> _ASSIGNED TASK_
Your output should be exactly the lines from the one containing "Multifunctional Water Spray" through the final line of the records, both included, with every picture left out.

> _AVAILABLE DATA_
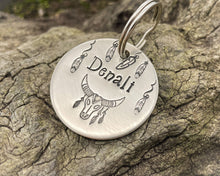Load image into Gallery viewer, Boho dog tag, hand stamped with longhorn and feathers
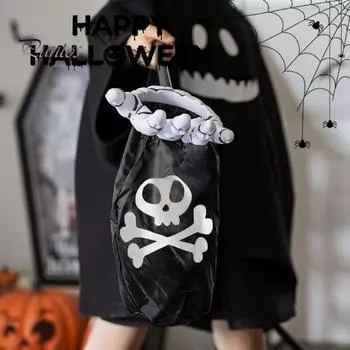 Сумка для сладостей на Хэллоуин, сумка для хранения конфет в форме ладони, многоразовый держатель для сладостей на Хэллоуин, аксессуары для вечеринок оранжевый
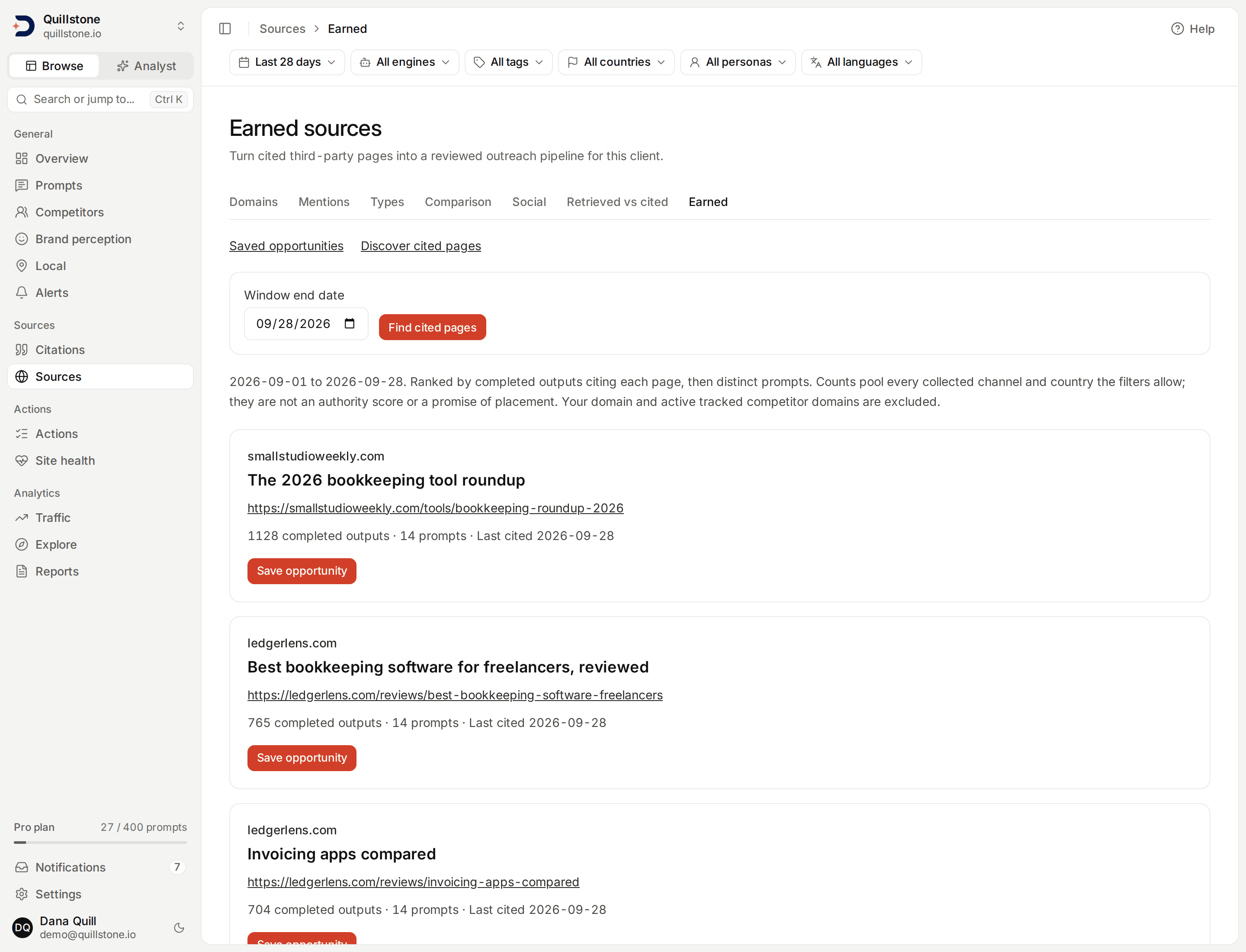 Earned-source discovery with saved citation counts and opportunity actions.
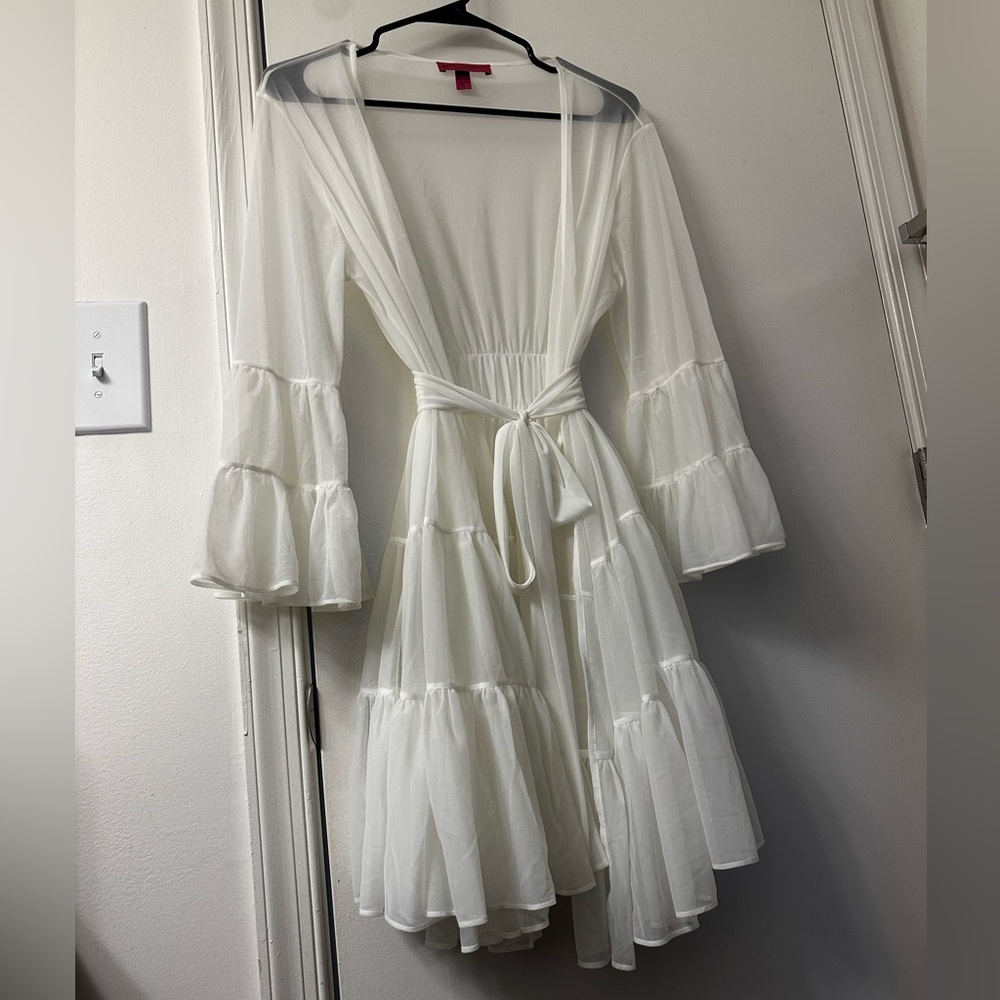 Betsey Johnson Intimates White Sheer Mesh Tiered Ruffle Robe Mini Dress OS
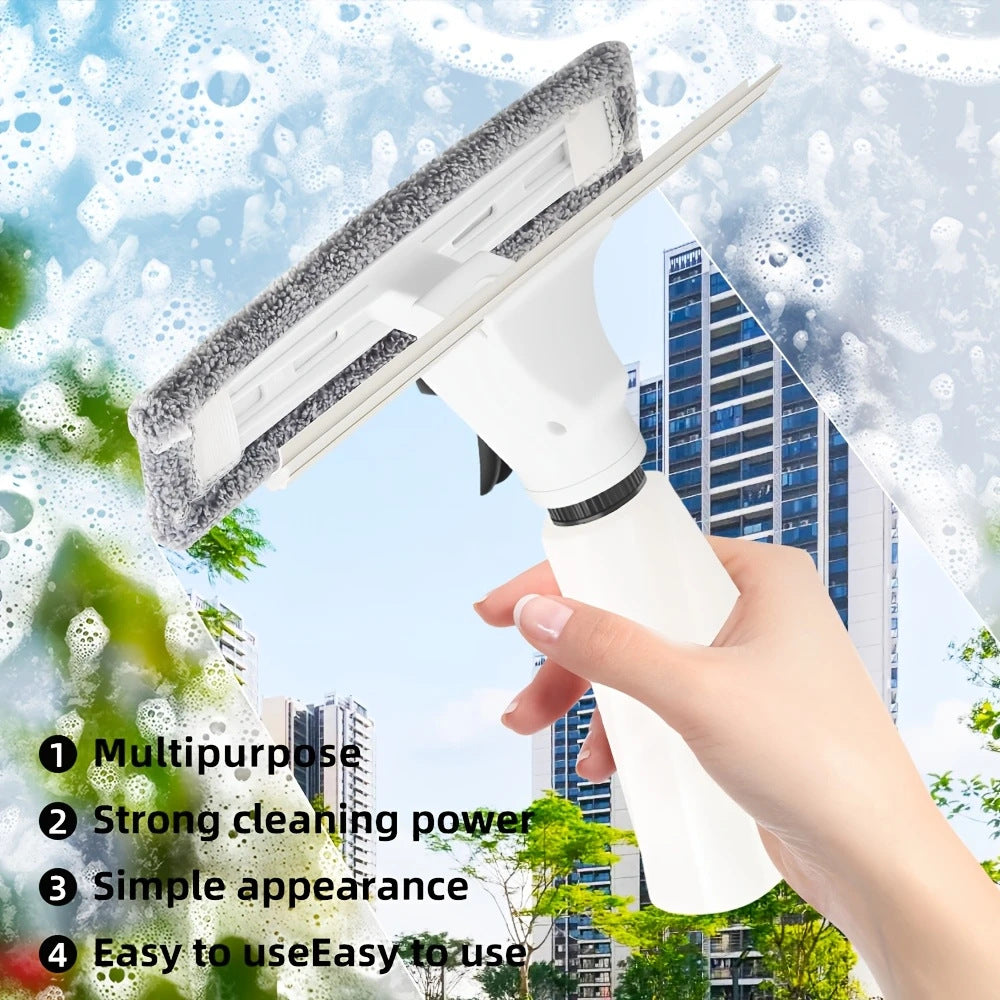 Multifunctional Water Spray Glass Cleaner for Home, Double-Sided Window Wiper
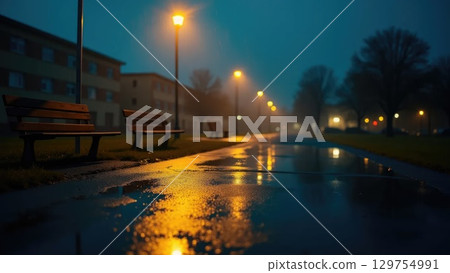 Night Rain Schoolyard with Lamp Reflections in Puddles and Lonely Bench 129754991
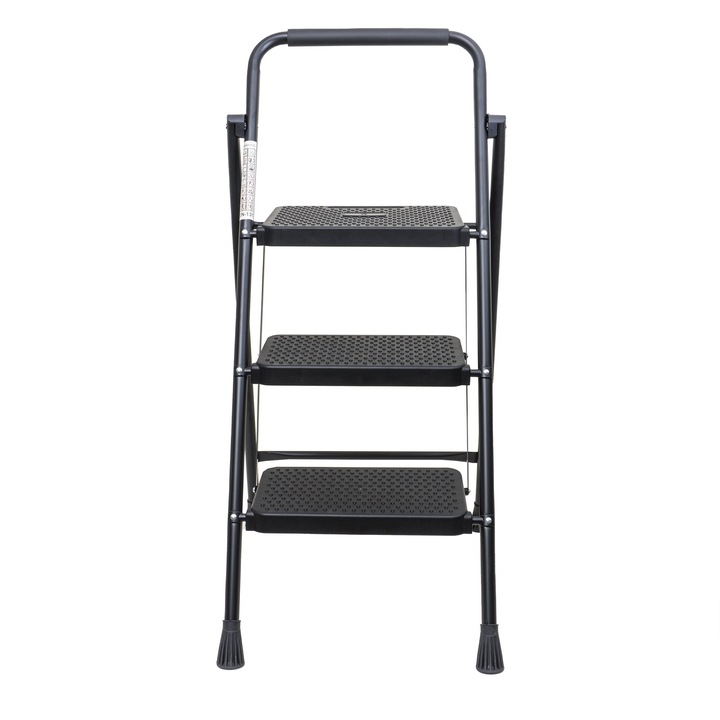 Метална стълба с 3 широки стъпала, сгъваема черна Z-TOOLS / ZTS 8087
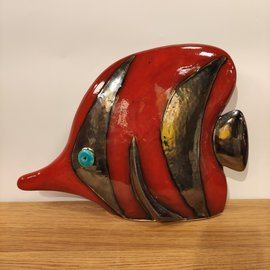 RYBA ceramiczna Paletka czerwone pasy duża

> _EXERCISE RESULT_
 Multifunctional Water Spray Glass Cleaner for Home, Double-Sided Window Wiper
 Night Rain Schoolyard with Lamp Reflections in Puddles and Lonely Bench 129754991
 Метална стълба с 3 широки стъпала, сгъваема черна Z-TOOLS / ZTS 8087
 RYBA ceramiczna Paletka czerwone pasy duża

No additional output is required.